The U.S. Federal Reserve’s expected move to tighten monetary policy would have little impact on Thailand as its external stability remains strong, said Suthiwartnarueput.
“We look quite good. We have very high levels of foreign reserves, low levels of external debt and our current account is pretty much in balance,” the governor noted.
The Fed has indicated it could soon raise interest rates for the first time in more than three years as part of a broader tightening of easy monetary policy. Major central banks around the world slashed interest rates during the worst of pandemic in a bid to stimulate growth as Covid-19 took a toll, but the Fed has since signaled that it is preparing to raise rates again.
“The kind of stress that comes from the tightening of global financial conditions on that front — I think we have quite a bit of wiggle room relative to other emerging market economies,” he added.
Still, risks remain as the country’s economic recovery remains fragile and uncertain, according to the governor.

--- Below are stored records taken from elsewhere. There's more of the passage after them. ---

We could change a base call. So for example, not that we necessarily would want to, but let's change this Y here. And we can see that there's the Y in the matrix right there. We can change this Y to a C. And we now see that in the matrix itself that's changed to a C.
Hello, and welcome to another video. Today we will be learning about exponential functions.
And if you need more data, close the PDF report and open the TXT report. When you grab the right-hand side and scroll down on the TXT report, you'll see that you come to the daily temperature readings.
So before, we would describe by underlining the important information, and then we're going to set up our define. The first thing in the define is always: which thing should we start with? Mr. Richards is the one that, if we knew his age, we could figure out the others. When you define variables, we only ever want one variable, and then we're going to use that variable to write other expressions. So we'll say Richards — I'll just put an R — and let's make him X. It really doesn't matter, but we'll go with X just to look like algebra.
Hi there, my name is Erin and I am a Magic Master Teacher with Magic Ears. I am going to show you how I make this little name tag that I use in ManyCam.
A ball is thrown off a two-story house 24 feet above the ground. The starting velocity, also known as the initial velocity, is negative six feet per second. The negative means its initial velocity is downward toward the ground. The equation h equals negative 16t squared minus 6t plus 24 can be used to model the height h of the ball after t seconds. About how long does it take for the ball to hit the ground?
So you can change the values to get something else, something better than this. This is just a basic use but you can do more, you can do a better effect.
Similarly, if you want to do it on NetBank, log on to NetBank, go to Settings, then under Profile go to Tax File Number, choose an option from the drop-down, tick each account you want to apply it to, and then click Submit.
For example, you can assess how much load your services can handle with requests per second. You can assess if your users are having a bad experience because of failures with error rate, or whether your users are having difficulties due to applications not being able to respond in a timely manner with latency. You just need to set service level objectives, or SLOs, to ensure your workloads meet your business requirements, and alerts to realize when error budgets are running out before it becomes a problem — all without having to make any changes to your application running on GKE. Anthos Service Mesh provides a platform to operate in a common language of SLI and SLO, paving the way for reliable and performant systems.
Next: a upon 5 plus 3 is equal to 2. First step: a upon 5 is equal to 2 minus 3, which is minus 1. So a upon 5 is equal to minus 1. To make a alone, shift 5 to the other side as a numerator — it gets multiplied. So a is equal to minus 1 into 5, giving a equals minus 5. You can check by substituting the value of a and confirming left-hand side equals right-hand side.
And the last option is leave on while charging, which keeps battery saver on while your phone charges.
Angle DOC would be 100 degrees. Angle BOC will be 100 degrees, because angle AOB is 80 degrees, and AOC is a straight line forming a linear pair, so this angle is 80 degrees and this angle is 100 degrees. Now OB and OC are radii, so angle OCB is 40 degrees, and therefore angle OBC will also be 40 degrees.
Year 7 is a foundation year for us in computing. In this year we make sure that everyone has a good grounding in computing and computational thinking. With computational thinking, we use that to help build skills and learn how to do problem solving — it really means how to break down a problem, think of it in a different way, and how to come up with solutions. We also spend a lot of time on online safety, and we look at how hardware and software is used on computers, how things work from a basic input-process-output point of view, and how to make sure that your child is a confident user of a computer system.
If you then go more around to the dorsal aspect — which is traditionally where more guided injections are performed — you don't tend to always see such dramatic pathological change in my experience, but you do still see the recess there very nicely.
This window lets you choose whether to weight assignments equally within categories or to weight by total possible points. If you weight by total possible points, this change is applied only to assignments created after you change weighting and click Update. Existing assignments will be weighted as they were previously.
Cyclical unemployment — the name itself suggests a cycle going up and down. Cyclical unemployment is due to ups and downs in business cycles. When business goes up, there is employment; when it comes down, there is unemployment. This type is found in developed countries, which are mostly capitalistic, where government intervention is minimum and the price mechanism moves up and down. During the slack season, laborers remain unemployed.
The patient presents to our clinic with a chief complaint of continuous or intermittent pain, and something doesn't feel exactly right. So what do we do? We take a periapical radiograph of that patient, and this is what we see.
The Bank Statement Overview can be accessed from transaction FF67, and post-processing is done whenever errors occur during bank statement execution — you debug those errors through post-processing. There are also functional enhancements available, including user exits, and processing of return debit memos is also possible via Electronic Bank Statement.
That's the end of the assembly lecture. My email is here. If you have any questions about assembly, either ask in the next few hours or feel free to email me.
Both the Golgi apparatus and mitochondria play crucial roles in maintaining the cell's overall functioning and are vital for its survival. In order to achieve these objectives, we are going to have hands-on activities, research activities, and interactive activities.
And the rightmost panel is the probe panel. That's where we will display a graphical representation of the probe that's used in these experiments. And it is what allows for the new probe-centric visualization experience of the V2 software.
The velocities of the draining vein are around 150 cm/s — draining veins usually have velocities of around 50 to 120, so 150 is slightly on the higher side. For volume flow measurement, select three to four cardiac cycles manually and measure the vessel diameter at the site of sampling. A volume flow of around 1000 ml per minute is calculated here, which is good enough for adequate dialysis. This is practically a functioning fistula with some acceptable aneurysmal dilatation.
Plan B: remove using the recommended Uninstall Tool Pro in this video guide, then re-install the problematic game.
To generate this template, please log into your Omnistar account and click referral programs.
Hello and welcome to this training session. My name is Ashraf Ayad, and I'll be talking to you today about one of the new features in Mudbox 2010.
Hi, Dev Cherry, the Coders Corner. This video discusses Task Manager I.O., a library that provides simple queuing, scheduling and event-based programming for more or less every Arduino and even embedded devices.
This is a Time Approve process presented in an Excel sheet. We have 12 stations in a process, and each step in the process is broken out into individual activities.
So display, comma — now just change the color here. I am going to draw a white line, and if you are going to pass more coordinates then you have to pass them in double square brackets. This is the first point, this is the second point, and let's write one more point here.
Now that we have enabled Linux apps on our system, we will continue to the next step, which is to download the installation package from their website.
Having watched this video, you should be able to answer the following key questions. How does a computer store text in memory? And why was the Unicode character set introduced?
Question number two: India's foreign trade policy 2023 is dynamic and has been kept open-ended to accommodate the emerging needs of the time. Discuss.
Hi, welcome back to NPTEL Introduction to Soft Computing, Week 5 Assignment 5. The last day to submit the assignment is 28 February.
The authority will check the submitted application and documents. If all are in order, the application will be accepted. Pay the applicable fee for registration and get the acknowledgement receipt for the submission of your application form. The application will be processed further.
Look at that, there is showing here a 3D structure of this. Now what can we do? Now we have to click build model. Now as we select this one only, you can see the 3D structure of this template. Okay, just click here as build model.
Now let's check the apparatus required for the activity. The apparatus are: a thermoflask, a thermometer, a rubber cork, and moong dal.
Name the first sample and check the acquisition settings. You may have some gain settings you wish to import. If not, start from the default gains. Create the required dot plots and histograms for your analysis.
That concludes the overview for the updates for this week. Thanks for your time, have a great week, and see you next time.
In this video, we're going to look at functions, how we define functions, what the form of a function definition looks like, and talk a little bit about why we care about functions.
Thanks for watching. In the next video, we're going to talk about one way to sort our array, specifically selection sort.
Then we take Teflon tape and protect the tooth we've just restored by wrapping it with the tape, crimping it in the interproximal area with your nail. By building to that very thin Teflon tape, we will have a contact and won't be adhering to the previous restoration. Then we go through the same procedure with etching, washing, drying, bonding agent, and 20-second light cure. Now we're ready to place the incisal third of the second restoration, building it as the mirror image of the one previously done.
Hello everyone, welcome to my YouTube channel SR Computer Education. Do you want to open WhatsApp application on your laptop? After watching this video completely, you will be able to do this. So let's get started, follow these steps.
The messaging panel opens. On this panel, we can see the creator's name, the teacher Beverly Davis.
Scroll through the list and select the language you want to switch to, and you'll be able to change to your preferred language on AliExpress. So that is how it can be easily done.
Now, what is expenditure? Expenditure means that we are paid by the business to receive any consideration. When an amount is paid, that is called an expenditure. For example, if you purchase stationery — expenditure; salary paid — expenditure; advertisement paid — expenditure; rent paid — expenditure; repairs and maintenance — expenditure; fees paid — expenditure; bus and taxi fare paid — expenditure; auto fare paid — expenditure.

“A lot of our recovery is contingent upon what happens in terms of our tourism recovery,” said Suthiwartnarueput.
He said the government was also concerned about future variants of Covid.
“If a new variant comes out sometime during winter, which is close to the tourism high season, that would be… the kind of risks that we’re concerned,” he added.
According to the Thai central bank, the number of foreign tourist arrivals in December — particularly those from Europe — accelerated from the previous month, after seasonal adjustment.
“Nevertheless, the foreign tourist figures remained low as international travel restrictions in many countries remained in place,” it said.
The more substantive impact of tourism is on the country’s wage and employment front, said the governor.
“The employment footprint of tourism sectors that are related, either directly or indirectly, is close to about a fifth of our labor force. So without a recovery in tourism, it’s very hard for us to see things getting back to normal,” Suthiwartnaruepu said.